Exercise: Return the following data exactly, with all pictures left out.

Information provided:
◇ ◇ ◇ ◇ ◇
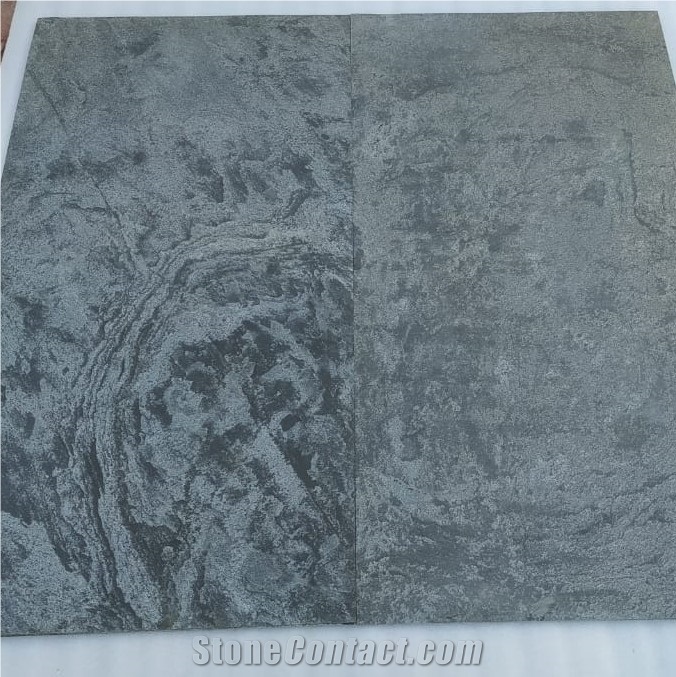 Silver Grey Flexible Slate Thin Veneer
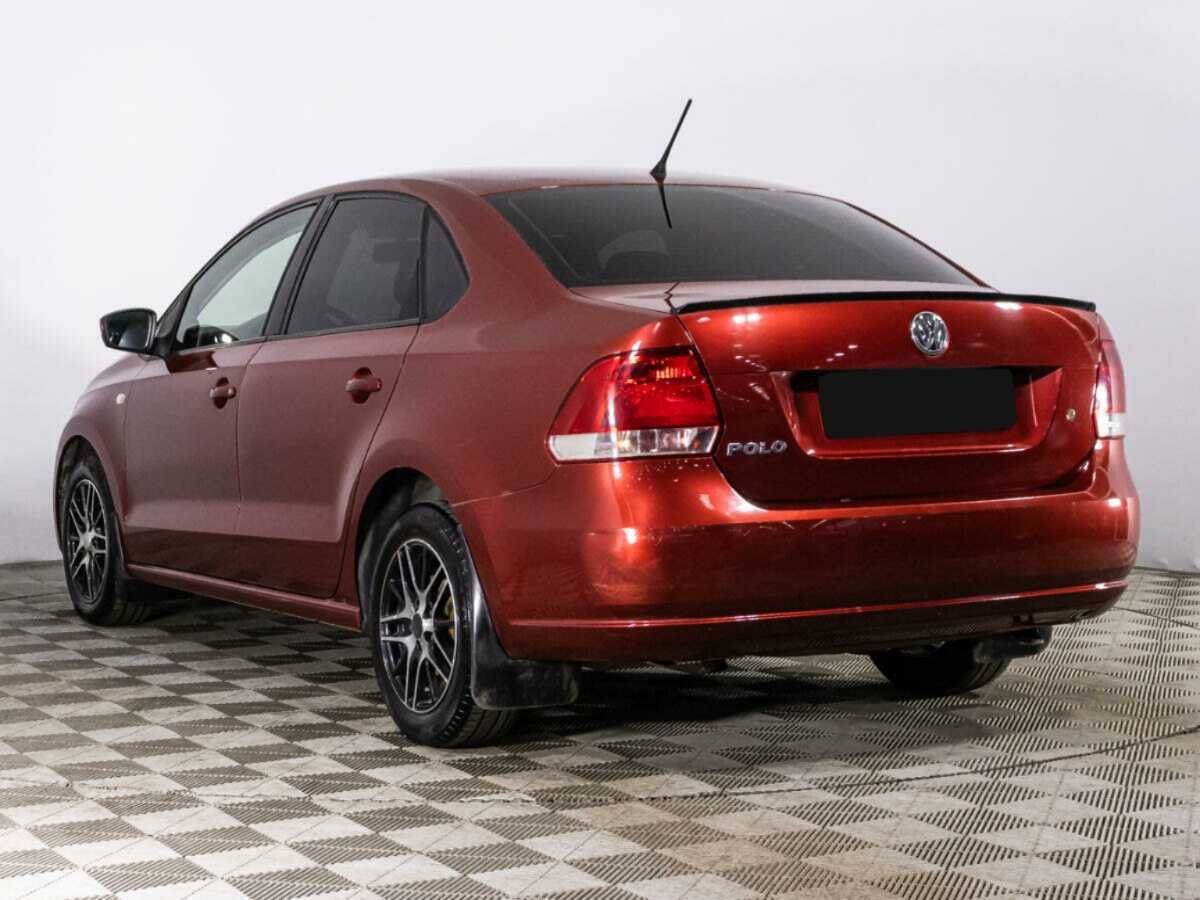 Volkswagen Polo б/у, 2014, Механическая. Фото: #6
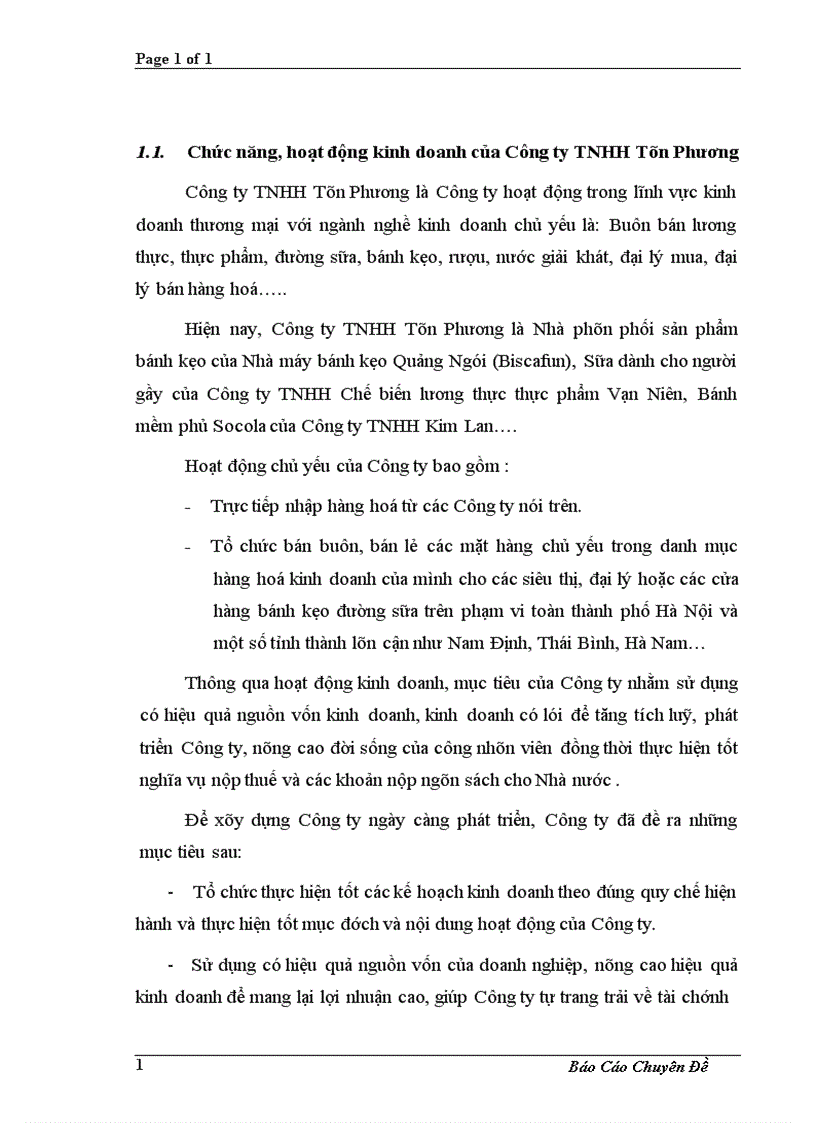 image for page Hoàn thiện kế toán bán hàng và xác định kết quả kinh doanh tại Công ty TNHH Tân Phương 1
◇ ◇ ◇ ◇ ◇
Exercise response:
 Silver Grey Flexible Slate Thin Veneer
 Volkswagen Polo б/у, 2014, Механическая. Фото: #6
 image for page Hoàn thiện kế toán bán hàng và xác định kết quả kinh doanh tại Công ty TNHH Tân Phương 1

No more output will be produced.